In this tutorial, we’ll explore the basics of linear modeling using R. We’ll walk through the steps to perform a simple linear regression analysis, visualize the data, and interpret the results.
Before we start, make sure you have R and RStudio installed. You can download them from the following links:
Linear modeling is a statistical technique used to model the relationship between a dependent variable (response) and one or more independent variables (predictors) by fitting a linear equation.
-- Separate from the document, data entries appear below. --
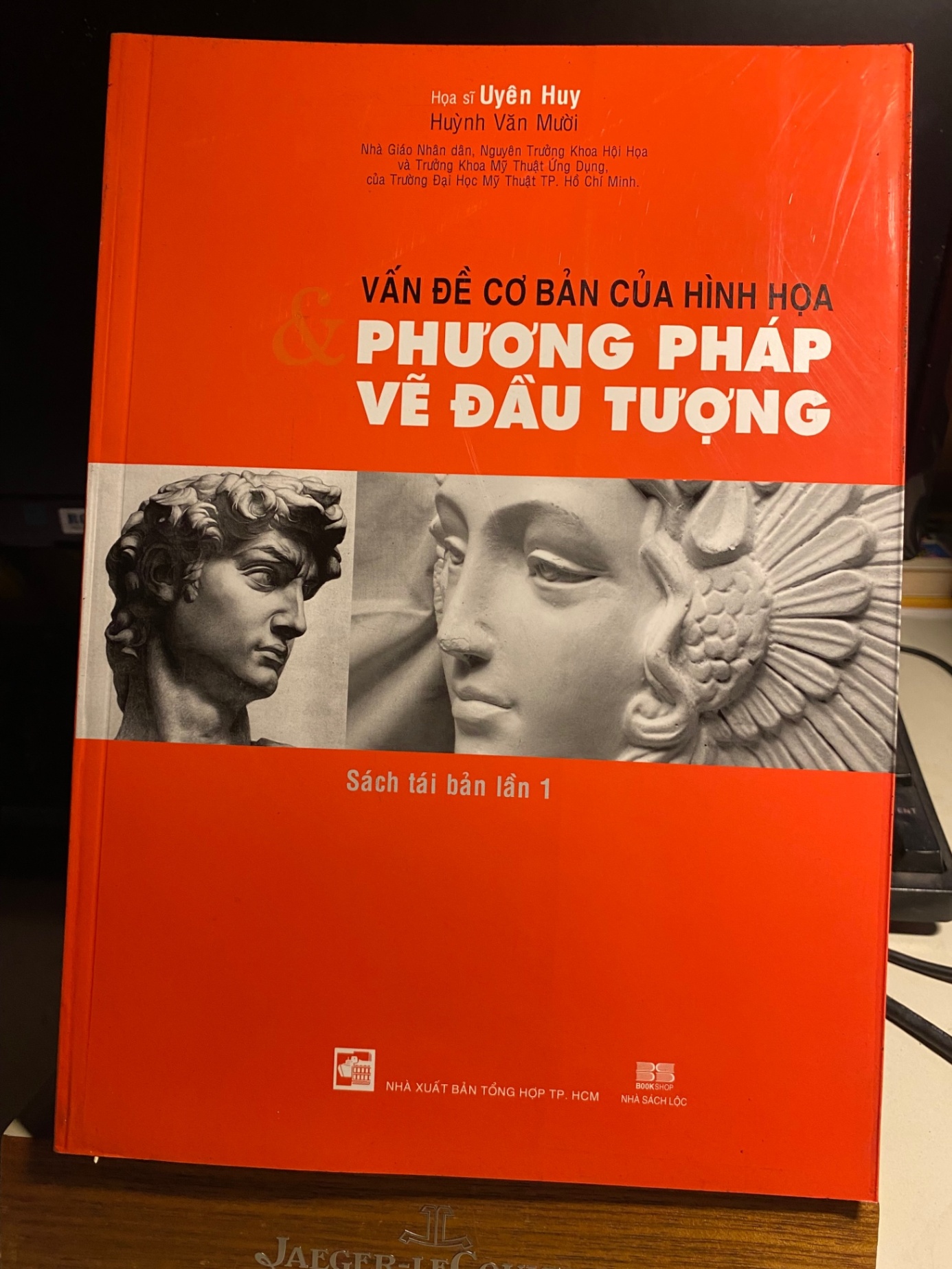 Vấn Đề Cơ Bản Của Hình Hoạ- Phương Pháp Vẽ Đầu Tượng- Tác giả Hoạ Sĩ Uyên Huy ( Huỳnh Văn Mười) STB945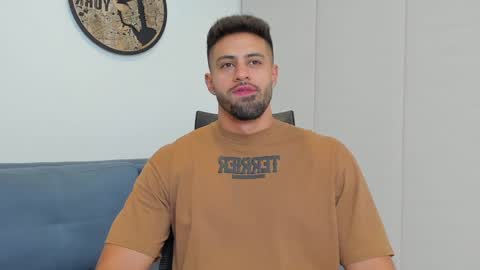 thiago_driussi online show from December 10, 2024, 3:09 am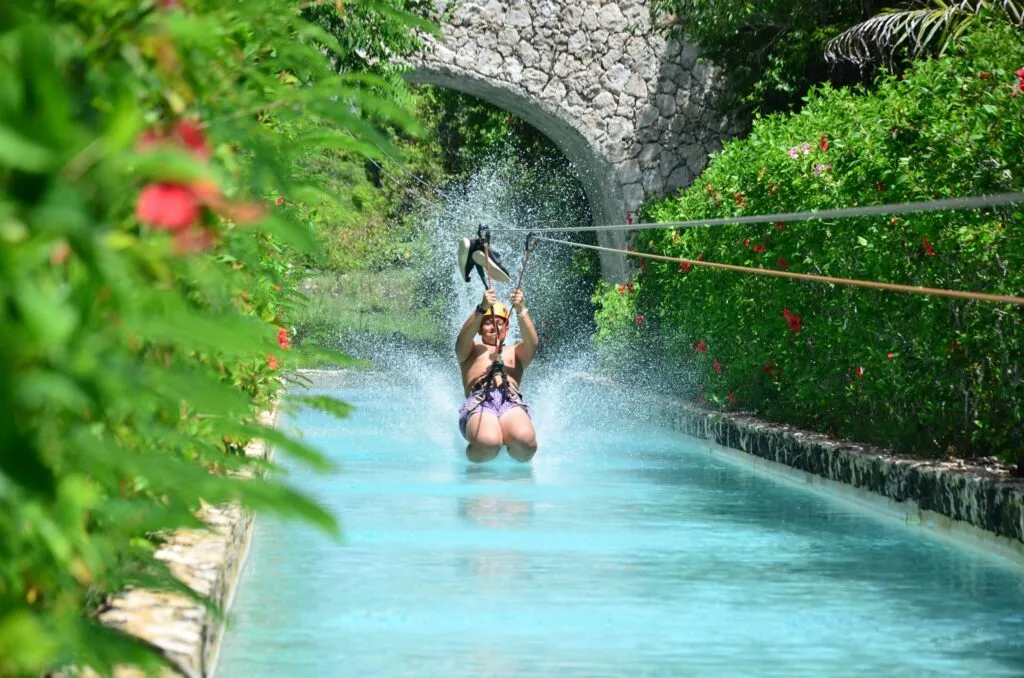 Zipline Mega Splash VIP en Bávaro Adventure Park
Simple linear regression models the relationship between a single predictor and the response. The model equation is:
Y = β0 + β1X + ε
Where:
Y is the response variable
X is the predictor variable
β0 is the intercept
β1 is the slope
ε is the error term
Let’s start by simply importing a sample dataset. We’ll use the
mtcars dataset that comes with R, which
contains information about various car models.
# Load the mtcars dataset
data(mtcars)
To have a peak at the structure of the data set, use the following code:
head(mtcars)
## mpg cyl disp hp drat wt qsec vs am gear carb
## Mazda RX4 21.0 6 160 110 3.90 2.620 16.46 0 1 4 4
## Mazda RX4 Wag 21.0 6 160 110 3.90 2.875 17.02 0 1 4 4
## Datsun 710 22.8 4 108 93 3.85 2.320 18.61 1 1 4 1
## Hornet 4 Drive 21.4 6 258 110 3.08 3.215 19.44 1 0 3 1
## Hornet Sportabout 18.7 8 360 175 3.15 3.440 17.02 0 0 3 2
## Valiant 18.1 6 225 105 2.76 3.460 20.22 1 0 3 1
The dataset contains 32 observations on 11 (numeric) variables:
| mpg | Miles/(US) gallon |
| cyl | Number of cylinders |
| disp | Displacement (cu.in.) |
| hp | Gross horsepower |
| drat | Rear axle ratio |
| wt | Weight (1000 lbs) |
| qsec | 1/4 mile time |
| vs | Engine (0 = V-shaped, 1 = straight) |
| am | Transmission (0 = automatic, 1 = manual) |
| gear | Number of forward gears |
| carb | Number of carburetors |
We’ll use mpg as the response variable
and hp as the predictor for our simple
linear regression.
Now, let’s perform a simple linear regression analysis to model the
relationship between mpg and
hp.
# Fit a simple linear regression model
model <- lm(mpg ~ hp, data = mtcars)
# Display the summary of the model
summary(model)
##
## Call:
## lm(formula = mpg ~ hp, data = mtcars)
##
## Residuals:
## Min 1Q Median 3Q Max
## -5.7121 -2.1122 -0.8854 1.5819 8.2360
##
## Coefficients:
## Estimate Std. Error t value Pr(>|t|)
## (Intercept) 30.09886 1.63392 18.421 < 2e-16 ***
## hp -0.06823 0.01012 -6.742 1.79e-07 ***
## ---
## Signif. codes: 0 '***' 0.001 '**' 0.01 '*' 0.05 '.' 0.1 ' ' 1
##
## Residual standard error: 3.863 on 30 degrees of freedom
## Multiple R-squared: 0.6024, Adjusted R-squared: 0.5892
## F-statistic: 45.46 on 1 and 30 DF, p-value: 1.788e-07
The lm() function fits the model, and
summary(model) provides a summary of the
regression results.
To visualize the relationship, we’ll create a scatter plot with the regression line, using ggplot.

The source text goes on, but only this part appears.